* INSTRUCTIONS FOR THE TASK
The answer must be only the lines below from the one holding "Dalmatien, chien, lunettes" down to the one holding "24 Wine and", ends included, printed exactly; please omit all pictures.

[Captioned web image data]

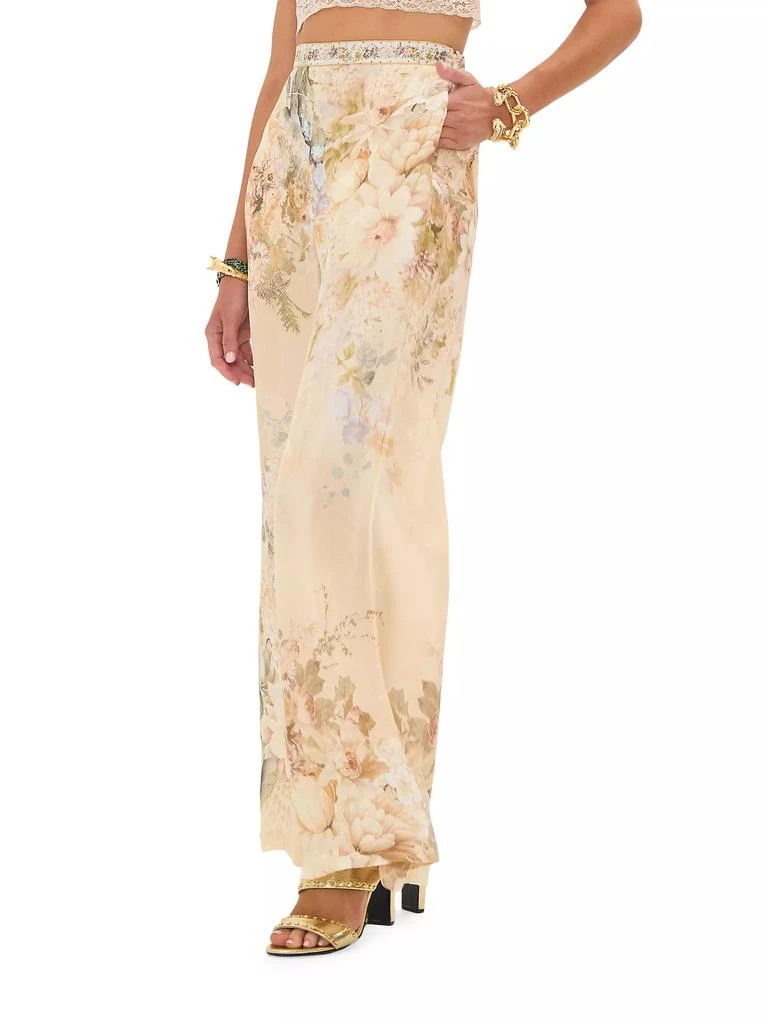Camilla Floral Silk-Blend Wide Leg Pants 5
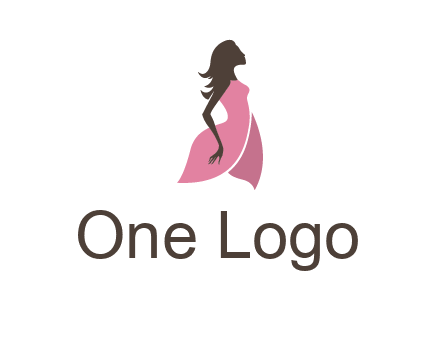 silhouette glamour girl wearing shoulder less dress logo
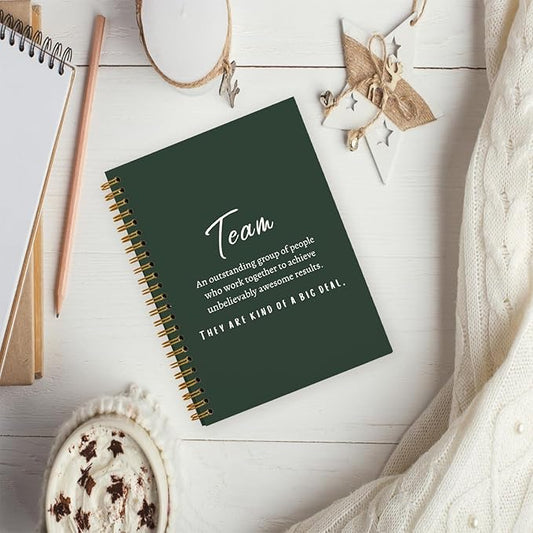 Dark Green Meeting Notebook for Work, Employee Appreciation Gifts, Team Gifts for Employees, Journals for Writing, Thank You Gifts for Women Men Leader Boss Manager Mentor Coworkers, 5.5"x8.3"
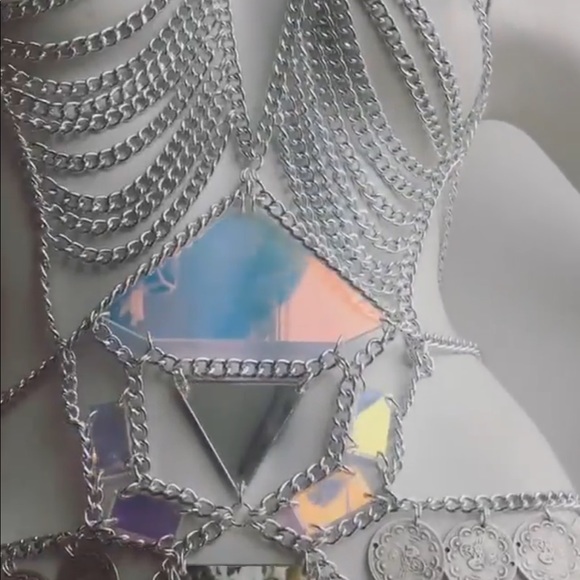 CLAUDIA PINK mirrors & crystal chain dress festival - Picture 4 of 9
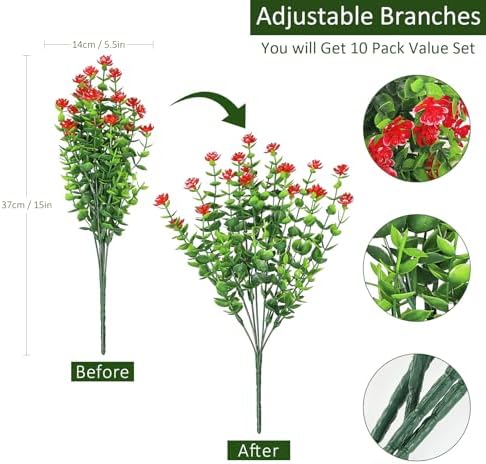 Dremisland 10 Bundles UV Resistant Artificial Deep Red Boxwood Flowers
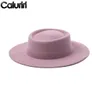 Geizige Krempe Hüte Caluriri Wolle Fedora Hut Winter Outdoor Lady Elegant Wide 100 Frauen Rosa Temperament5972239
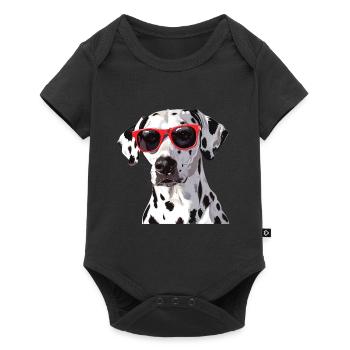Dalmatien, chien, lunettes de soleil, été - Body à manches courtes Premium Bébé - noir - Devant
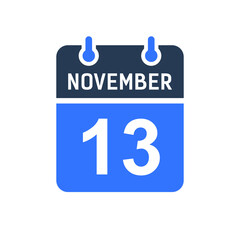 November 13 Calendar Date Icon, Event Date Icon, Calendar Date, Icon Design Vector Graphic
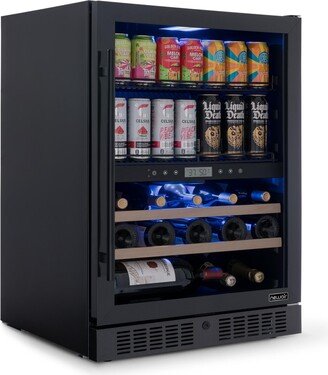 24 Wine and Beverage Refrigerator - 24 Bottles & 100 Cans, Dual Temperature Zone, Black Stainless Steel & Double-Layer Tempered Glass Door, Qu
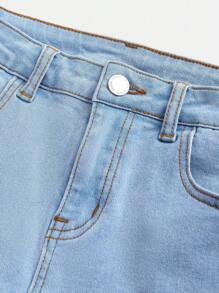SHEIN Girlism Pantalones cortos vaqueros elegantes de cintura alta y ajustados con lavado claro, con bolsillos decorados con lazos lindos para niña preadolescente, pantalones cortos bohemios de verano para vacaciones en la playa para niña preadolescente, pantalones cortos casuales para conciertos de verano y festivales, pantalones cortos de verano para brunch, iglesia y graduación para niña preadolescente - Lavado ligero - Ver 4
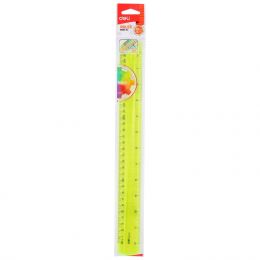 Ruler 30cm Clear Fluorescent - Assorted - Deli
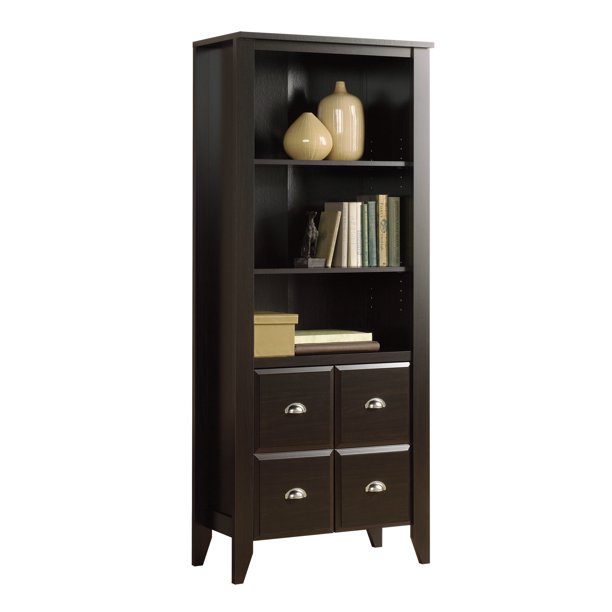 Sauder Shoal Creek Library with Doors, Jamocha Wood Finish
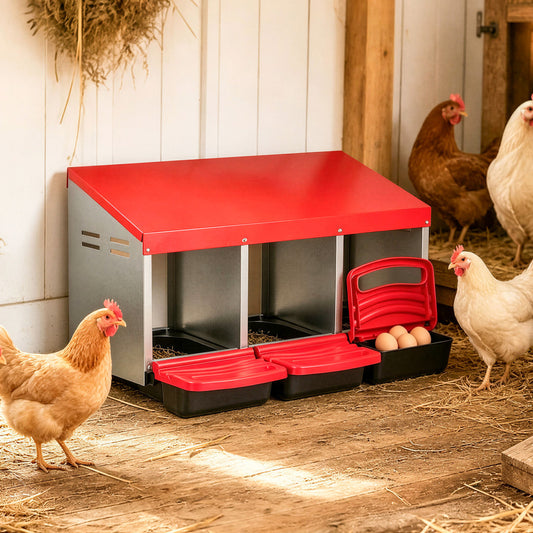 3-Compartment Roll Away Chicken Nesting Box, Red Chicken Coops Red at Gallery Canada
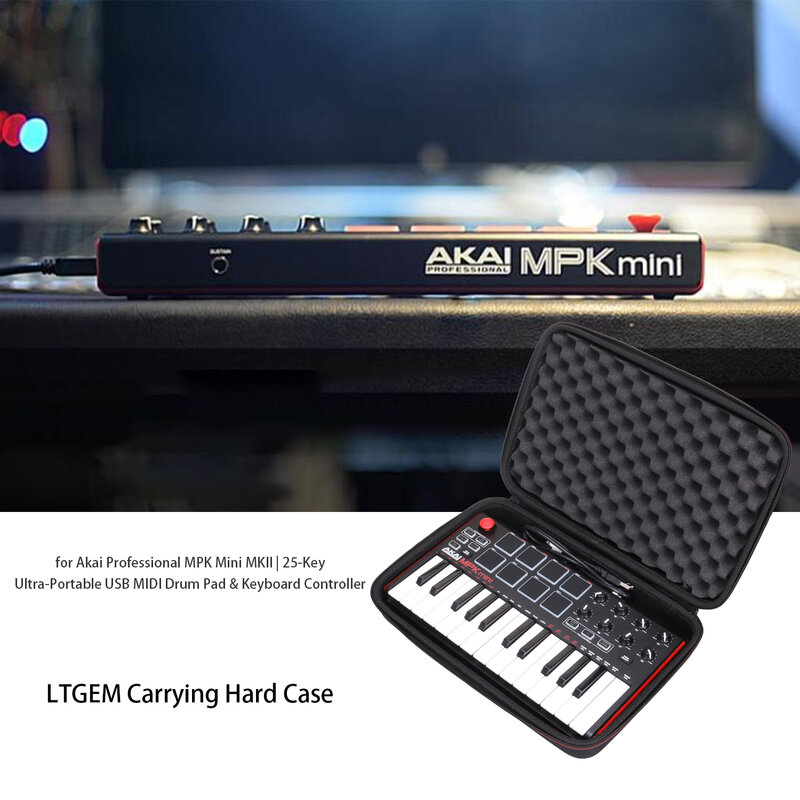حافظة حمل صلبة LTGEM لجهاز التحكم في لوحة المفاتيح Akai MPK Mini MK2/3 و MPK Mini Play MIDI حقيبة تخزين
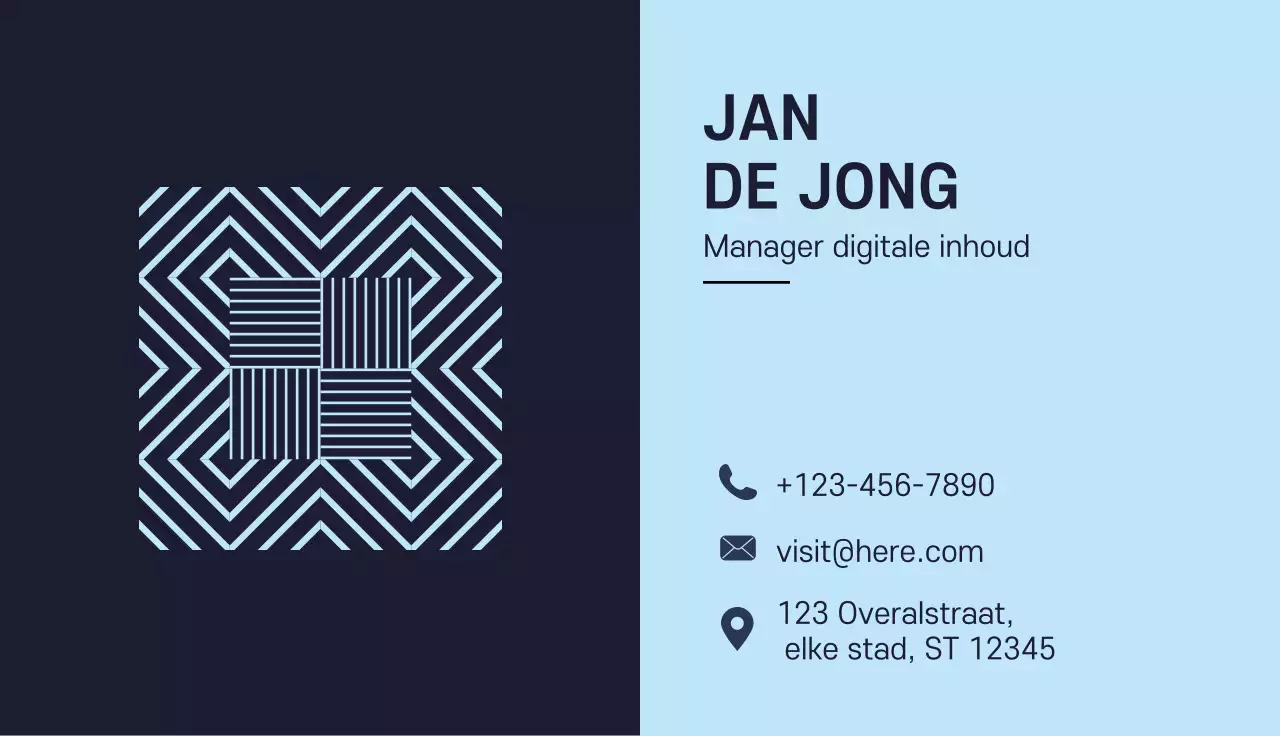 marine geometrisch visitekaartje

* REPLY
Dalmatien, chien, lunettes de soleil, été - Body à manches courtes Premium Bébé - noir - Devant
 November 13 Calendar Date Icon, Event Date Icon, Calendar Date, Icon Design Vector Graphic
 24 Wine and Beverage Refrigerator - 24 Bottles & 100 Cans, Dual Temperature Zone, Black Stainless Steel & Double-Layer Tempered Glass Door, Qu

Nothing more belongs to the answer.